▸ **About this task**: Write out the listing verbatim. No pictures belong in it.

▸ **Data below**:

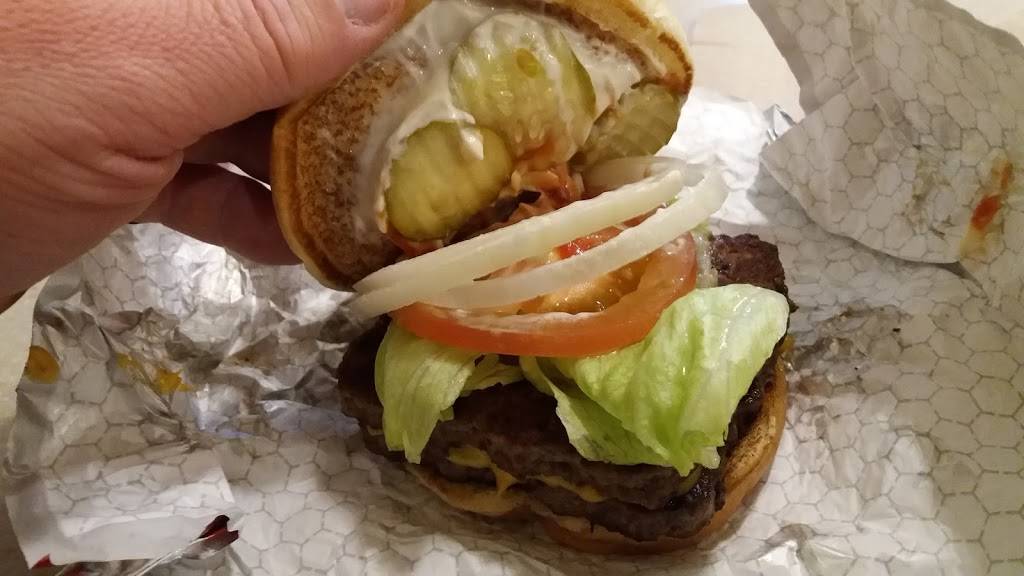 Wendys | restaurant | 528 S Duff Ave, Ames, IA 50010, USA | 5152329369 OR +1 515-232-9369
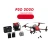 Import Latest modelXP2020/P20 2020/P30 2020  precision spray agricultural drone with waterproof expansion technology from China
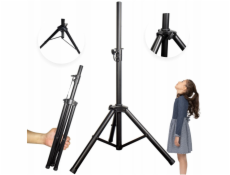 SUPRIMO SOLID 1 - Stojak tripod, statyw kolumnowy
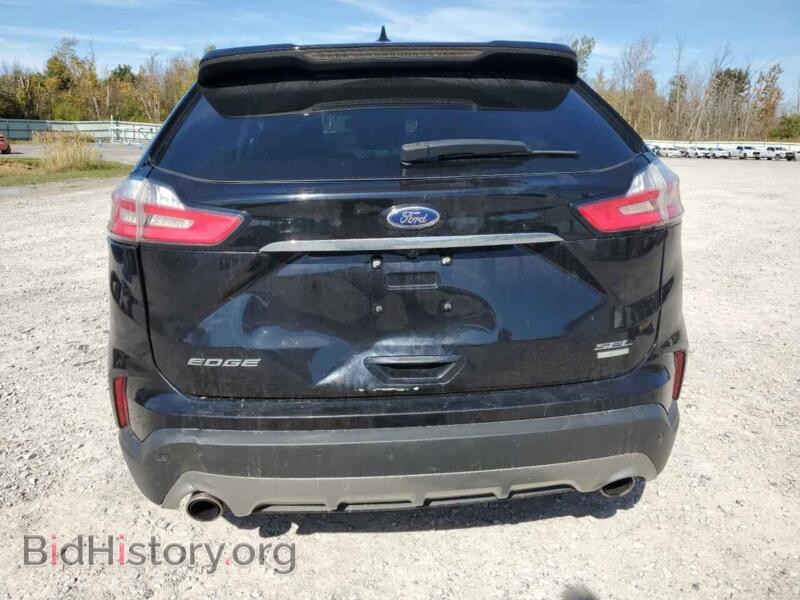 2019 Ford EDGE (VIN 2FMPK4J96KBC33469) — фото 6 из 15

▸ **The completed task**:
 Wendys | restaurant | 528 S Duff Ave, Ames, IA 50010, USA | 5152329369 OR +1 515-232-9369
 Import Latest modelXP2020/P20 2020/P30 2020  precision spray agricultural drone with waterproof expansion technology from China
 SUPRIMO SOLID 1 - Stojak tripod, statyw kolumnowy
 2019 Ford EDGE (VIN 2FMPK4J96KBC33469) — фото 6 из 15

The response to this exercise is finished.